Something that struck me was how Diana was telling her mother about the last time she served mankind during WWII 35 years ago. I thought to myself: "When I watched this show as a kid it was only 35 years removed from the middle of WWII...." In just a few more years, 9-10 year old kids will be 35 years removed from the mid-70's!

Anyway, there are some really funny things from that series - not the least of which is an "ancient" competition of bullets and bracelets. Supposedly this Amazon civilization is thousands of years old but they have this competition that requires revolvers that have only been around for a few decades.

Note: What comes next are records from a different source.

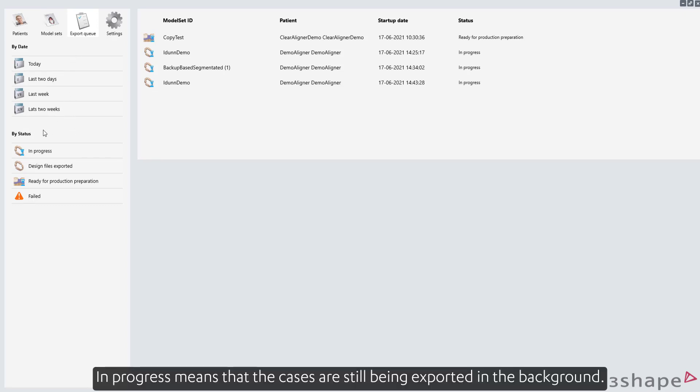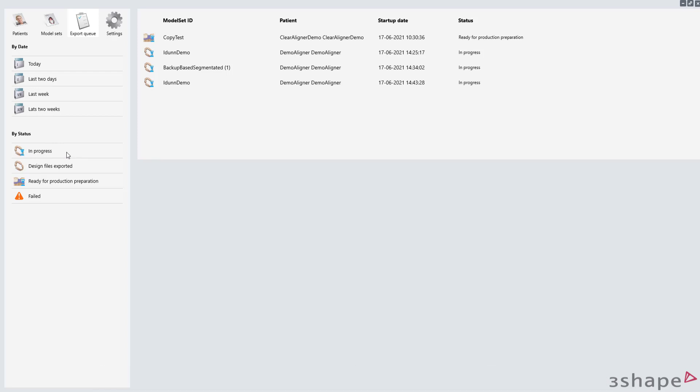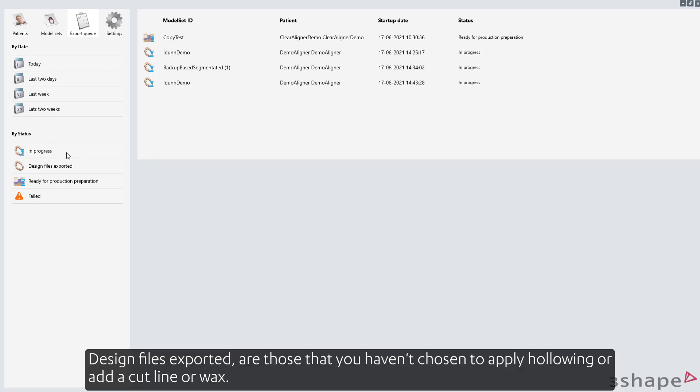In progress means that the cases are still being exported in the background. Design files exported are those that you haven't chosen to apply hollowing or add a cut line or wax.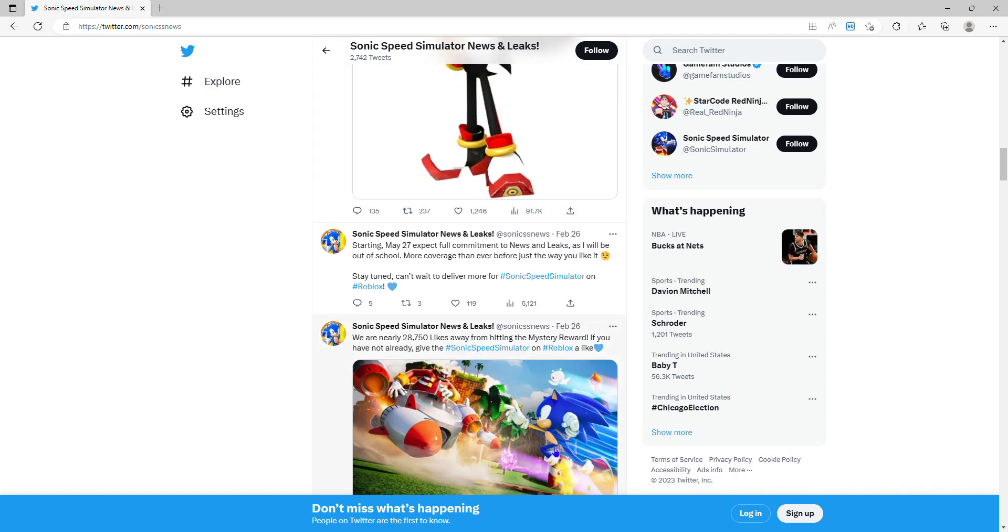He has been confirmed, he literally has been confirmed. Shadow the Hedgehog has been confirmed! Let's freaking go!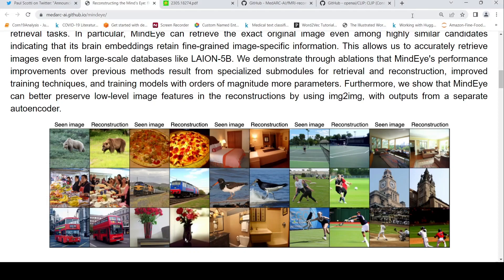What if AI can read your mind? A person is being presented with an image of a bear, and simultaneously an fMRI is captured. The fMRI captures the brain's activity when a person is looking at this image. Using the fMRI signals, can an AI program reconstruct this image?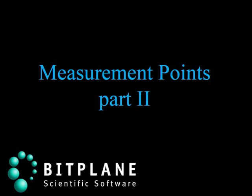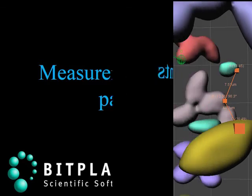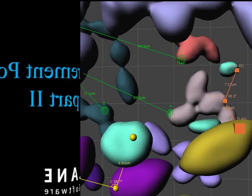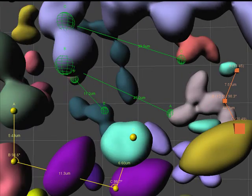In our previous video tutorial, we showed most of the wide-ranging features of Imaris measurement points.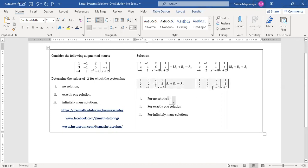What will be the value of x for this system to have no solution? You look at this last row here. For this system to have no solution, this x squared minus one should be equal to zero, whilst this x plus one must not be equal to zero.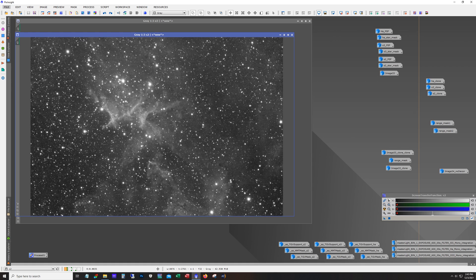Hello and welcome to the DSO Imager channel. My name is James and tonight we're going to go over the workflow of my latest image of Melotte 15. For those that don't know, this is a really interesting structure in the center of the Heart Nebula. I collected 26 hours total of HA, O3, and S2. Let's get started.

Go figure.


[ame=http://www.youtube.com/watch?v=bqN6uaLCn8c]YouTube - Wonder Woman - Bullets and Bracelets 1[/ame]


----------



## Augusta (Aug 8, 2008)

I liked it so much when I was young and it's soooo cheesy!!! How embarrassing.


----------



## LawrenceU (Aug 8, 2008)

I wonder where all those ricochets went? There were some women standing in very precarious places.


----------



## Pergamum (Aug 8, 2008)

Ha...ancient shows.

SOO MUCH has changed it seems. 

I watch these old detective shows, for instance, and wonder what they ever did without the internet and cell phones.

Can you imagine 24's Jack Baur dialing a 1960's telephone! It would be called 24 Days. 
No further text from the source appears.